German newspaper Handelsblatt claims that an unnamed informant handed over 100 GB of internal Tesla data with thousands of customer complaints that were allegedly swept under the rug by the company.
“The data paints the picture of an electric car pioneer who seems to have far greater technological problems than previously known,” wrote the outlet’s editor-in-chief, in a separate letter, explaining the decision to release the documents. “With its Autopilot, for example. The Tesla files contain thousands of reports about complications with the driver assistance systems. Complaints of Tesla vehicles suddenly braking at full speed. Or accelerate suddenly,”
The outlet reports that the files it received contain more than 2,400 customer complaints relating to sudden acceleration, 1,500 relating to unintended braking, and more than 1,000 to crashes.
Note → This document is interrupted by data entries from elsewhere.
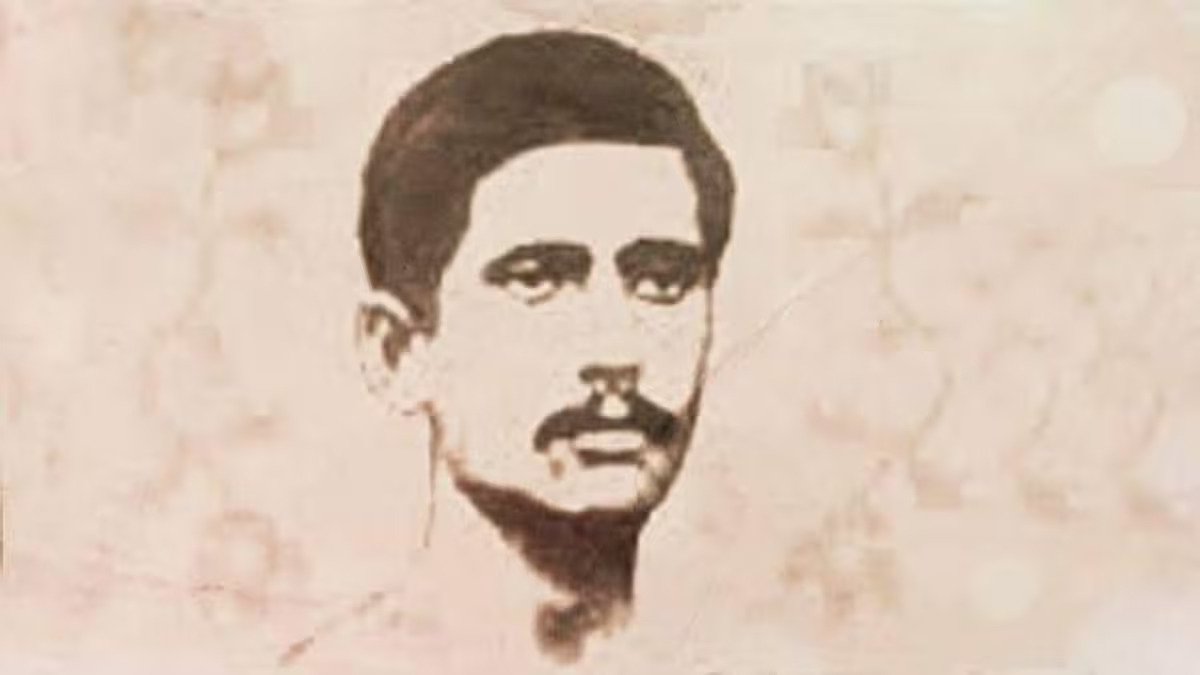 রজনীকান্ত সেনের স্বদেশচেতনার গান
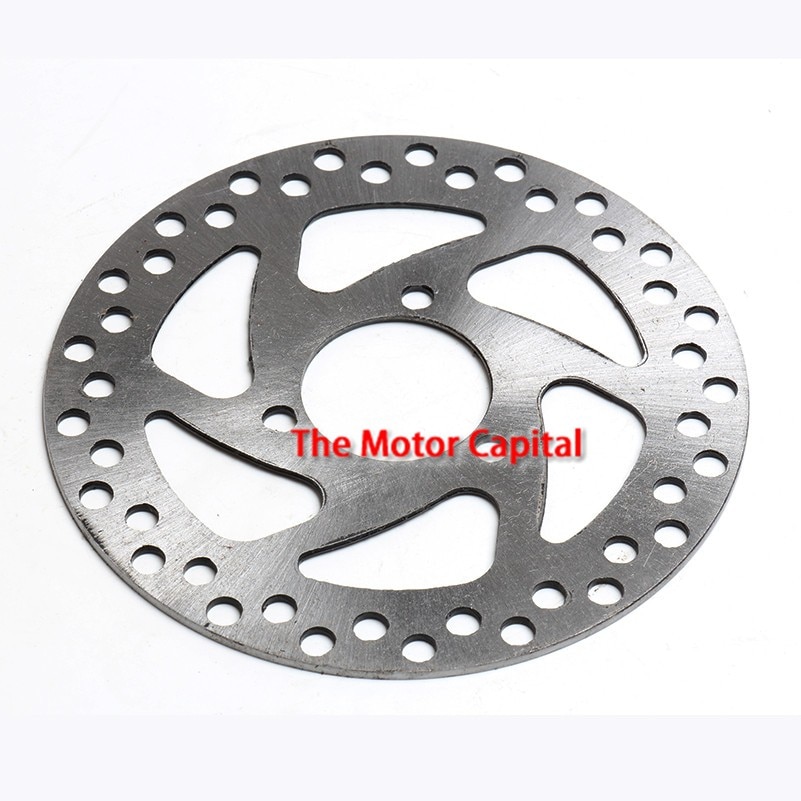 GOOFIT luchtfilter Vervanging voor 2 stroke 47cc 49cc Pocket Bike Parts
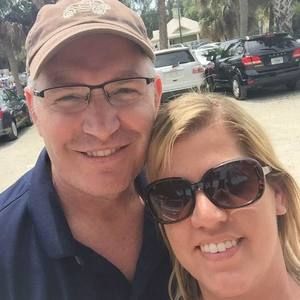 Meet your Posher, Beth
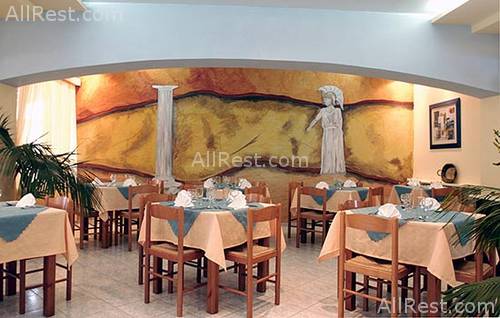 Almiros Beach Hotel 7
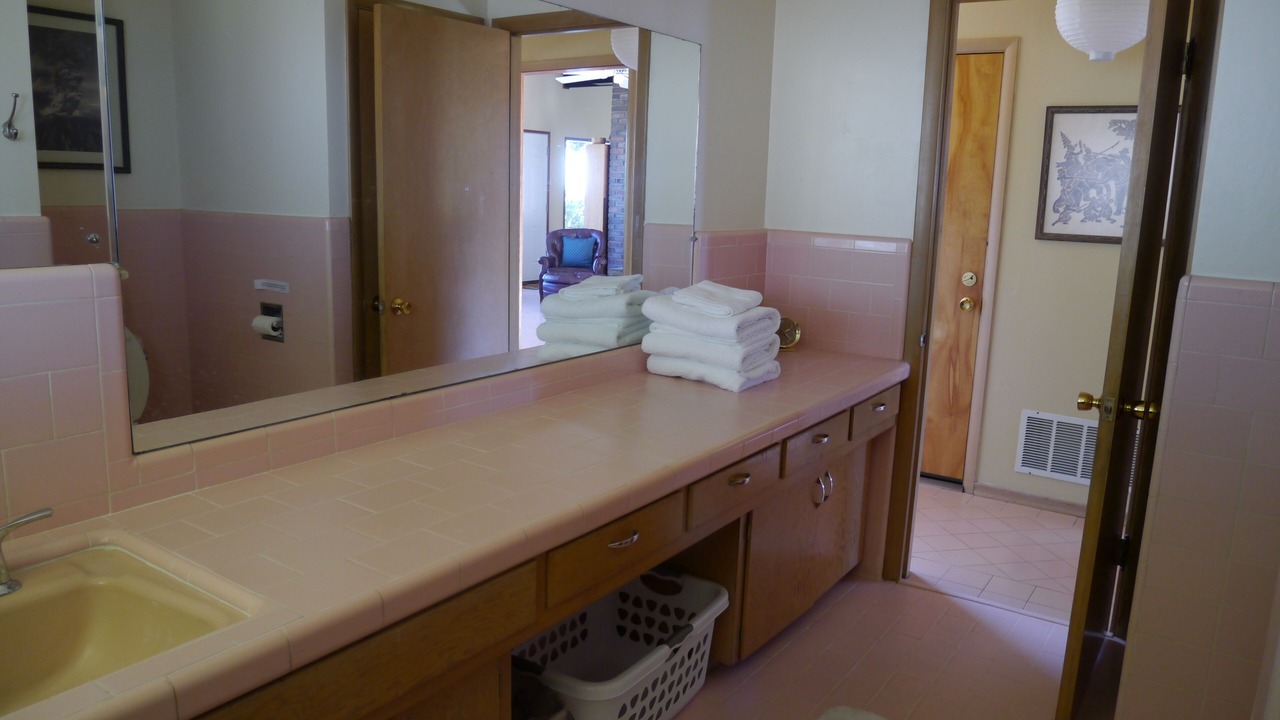 Photo of Bathroom in Port Angeles East
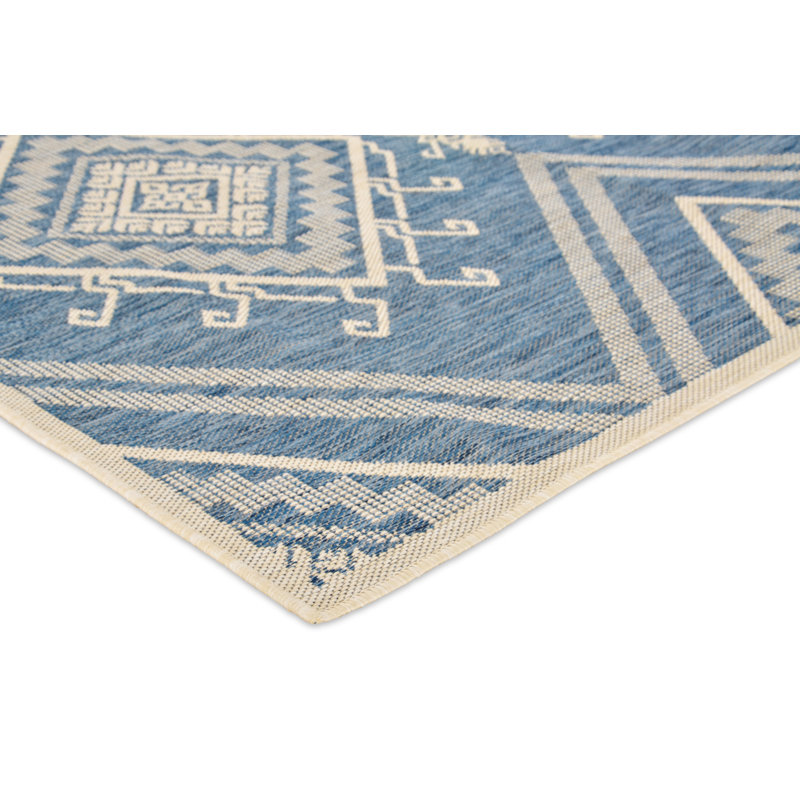 Moroccan Hand Woven Area Rug, Rectangle 200 x 290cm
In a table of incidents where driver assistance technologies were involved, there are more than 3,000 entries.
Read: Tesla’s Reputation In The U.S. Takes A Beating While Ford And GM Improve Year-Over-Year
Most of the incidents stem from the U.S., which is hardly a surprise since this is the automaker’s largest market by volume. However, included in the leaked files are complaints from Europe and Asia, as well.
Perhaps more concerning than the incidents themselves is Tesla’s response to them. In the six months between receiving the documents and publishing them, Handelsblatt was able to get in touch with owners who claimed that the automaker seemed more invested in protecting itself than addressing the issues of its customers.
The mechanisms behind this are laid out in the leaked files. They show that employees were directed to only provide information to customers verbally and to never send them a copy of an incident report or complaint, as these were for internal use only. They were even advised not to leave voicemails with customers.
Tesla did not immediately respond to our request for comment on this story. However, in an email shared with Electrek, Tesla’s managing counsel for litigation, Joseph Alm, said that the company plans to take legal action against the parties involved in the leak.
“The possession of [illegally obtained] data itself without a proper justification breaches, among other things, data protection law,” Alm wrote in the email. “And mishandling this information subjects recipients, such as Handelsblatt, to liability for violation of trade secrets, data protection law, and handling stolen data, among other things.”
The email also reveals that Tesla believes the information was released by a “disgruntled ex-employee […] right before he left Tesla.”
Tesla’s legal position notwithstanding, the leak looks bad for the automaker. Its advanced driver assistance system, Autopilot, is currently under investigation by federal authorities in the U.S., where the secretary of transportation recently confirmed that it has “real concerns” about the system. A recent report also indicated that the brand’s reputation among consumers has suffered enormously over the last 12 months.